The sample is a distilled demonstration of how buffer device addressing could be used to enable a more flexible vertex attribute fetch scheme. Rather than using fixed function VBOs which cannot be rebound on GPU, we could make use of buffer device address to enable a "meshlet" style of rendering, which is characterized by a rendering style where we chop up meshes into smaller chunks which can be culled and rendered individually. This is an attractive way of doing GPU-driven rendering.

Essentially, we create a bunch of VkBuffers, where each buffer represents a separate mesh (not the most optimal approach, but a useful demonstration). A mesh has a device address (VkDeviceAddress) which we place in a separate array, which serves as a nifty way of stitching together unrelated buffers. The mesh buffers are updated in a compute shader, and subsequently read in the vertex shader.

This kind of flexibility could be awkward to achieve with normal SSBOs unless everything is backed by a single VkBuffer.

Of course, this is just one of many use cases for buffer device address, and was deemed to be the simplest meaningful way to demonstrate this feature.

In compute, we pass down a pointer in push constants, which is a very fast way of providing shaders with a buffer as there is no descriptor set required!

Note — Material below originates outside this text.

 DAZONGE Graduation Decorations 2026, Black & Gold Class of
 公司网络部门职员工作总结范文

layout(std430, buffer_reference, buffer_reference_align = 8) writeonly buffer Position
{
    vec2 positions[];
};

layout(std430, buffer_reference, buffer_reference_align = 8) readonly buffer PositionReferences
{
    Position buffers[];
};

layout(push_constant) uniform Registers
{
    PositionReferences references;
    float fract_time;
} registers;

As we can see, push constants contain a pointer which points to an array of pointers, which then point to a "VBO" block. We perform one large dispatch to update N different "VBOs" here, where each 16x16 group works with its own base pointer.

The position that is computed forms a simple procedural wave pattern. The actual implementation details are not very interesting.

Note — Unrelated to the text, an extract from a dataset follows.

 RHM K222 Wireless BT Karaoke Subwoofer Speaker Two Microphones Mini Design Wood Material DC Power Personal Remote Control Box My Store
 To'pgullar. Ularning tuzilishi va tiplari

In the vertex shader, we do our faux "meshlet" rendering by assigning one VBO block per gl_InstanceIndex. For multi-draw-indirect use cases, it would be natural to use gl_DrawID perhaps.

layout(std430, buffer_reference, buffer_reference_align = 8) readonly buffer Position
{
    vec2 positions[];
};

layout(std430, buffer_reference, buffer_reference_align = 8) readonly buffer PositionReferences
{
    Position buffers[];
};

layout(push_constant) uniform Registers
{
    mat4 view_projection;
    PositionReferences references;
} registers;

void main()
{
    int slice = gl_InstanceIndex;
    // Load pointer to VBO
    restrict Position ptr_positions = registers.references.buffers[slice];
    // Load attribute based on gl_VertexIndex.
    // No fixed function here!
    vec2 pos = ptr_positions.positions[gl_VertexIndex];
}

Debugging notes

When debugging or capturing an application that uses buffer device addresses, there are some special driver requirements that are not universally supported. Essentially, to be able to capture application buffers which contain raw pointers, we must ensure that the device address for a given buffer remains stable when the capture is replayed in a new process. Applications do not have to do anything here, since tools like RenderDoc will enable the bufferDeviceAddressCaptureReplay feature for you, and deal with all the magic associated with address capture behind the scenes. If the bufferDeviceAddressCaptureReplay is not present however, tools like RenderDoc will mask out the bufferDeviceAddress feature, so beware.

Conclusion

Buffer device address is an extremely powerful feature which enables various use cases which were either impossible or very impractical before.